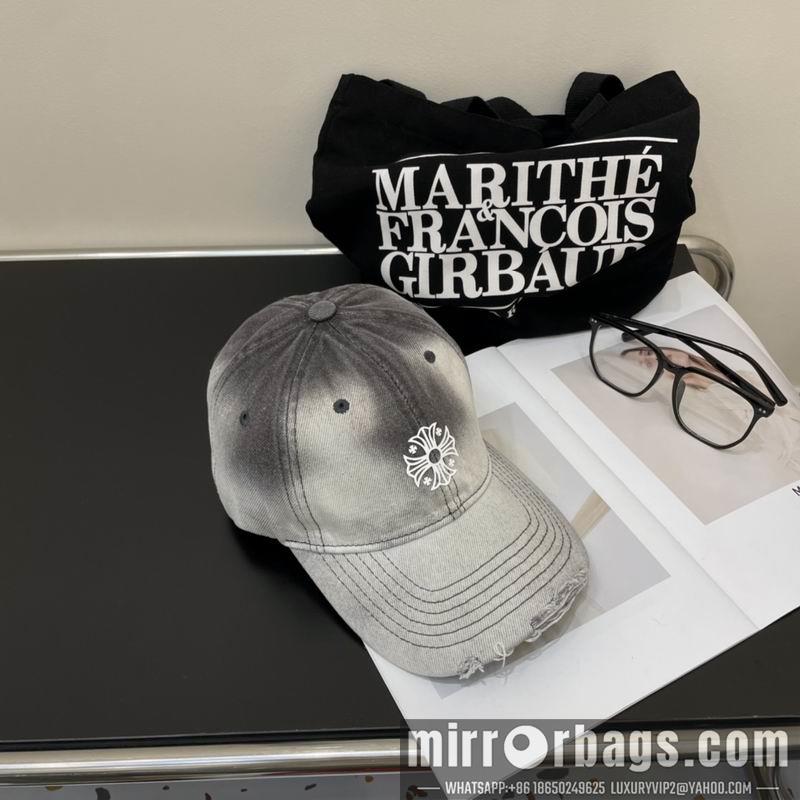Replica Chrome Hearts Hat dx03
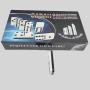 Winsir Custom Dominoes Set - Jumbo Tournament Size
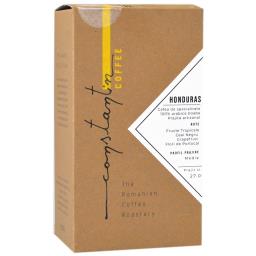 Constantin Coffee Cafea Boabe Honduras 250g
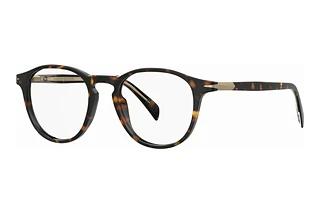 David Beckham DB 1126 2IK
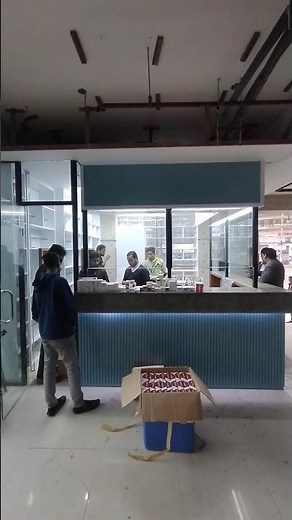 Pharmacy Interior Design l Clarity Architects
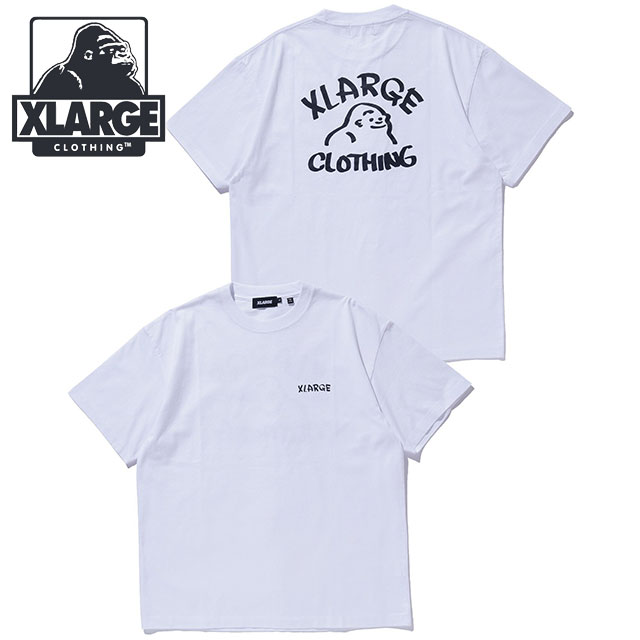 XLARGE（エクストラ ラージ） メンズ ドローイング OG ショート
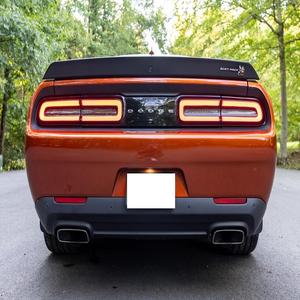 DODGE CHALLENGER 392 HEMI SCAT PACK SHAKER 2022 IMPECABLE, LISTO PARA ENVIAR - Product Image 5
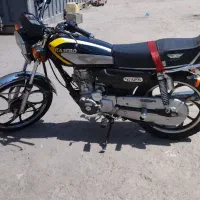 احسان ۱۲۵ مدل ۱۴۰۲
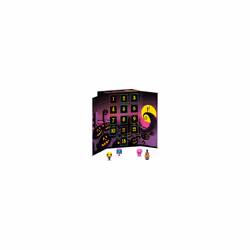 Funko Advent Calendar: 13 DaysThe Nightmare Before Christmas(BLKLT)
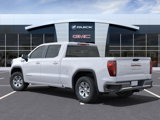 New 2025 GMC Sierra 1500 SLE image 2
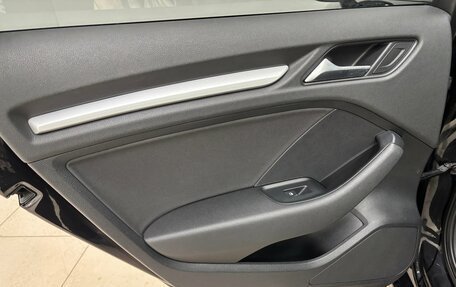 Audi A3, 2015 год, 1 560 000 рублей, 14 фотография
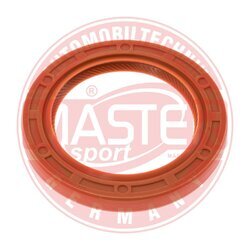 Tesniaci krúžok kľukového hriadeľa MASTER-SPORT GERMANY 2101-1005034S-PCS-MS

**WHAT IS NEEDED:** Repeat the listing above in full, exactly, and omit its pictures.

**RESPONSE TO THIS EXERCISE:**
Replica Chrome Hearts Hat dx03
 Winsir Custom Dominoes Set - Jumbo Tournament Size
 Constantin Coffee Cafea Boabe Honduras 250g
 David Beckham DB 1126 2IK
 Pharmacy Interior Design l Clarity Architects
 XLARGE（エクストラ ラージ） メンズ ドローイング OG ショート
 DODGE CHALLENGER 392 HEMI SCAT PACK SHAKER 2022 IMPECABLE, LISTO PARA ENVIAR - Product Image 5
 احسان ۱۲۵ مدل ۱۴۰۲
 Funko Advent Calendar: 13 DaysThe Nightmare Before Christmas(BLKLT)
 New 2025 GMC Sierra 1500 SLE image 2
 Audi A3, 2015 год, 1 560 000 рублей, 14 фотография
 Tesniaci krúžok kľukového hriadeľa MASTER-SPORT GERMANY 2101-1005034S-PCS-MS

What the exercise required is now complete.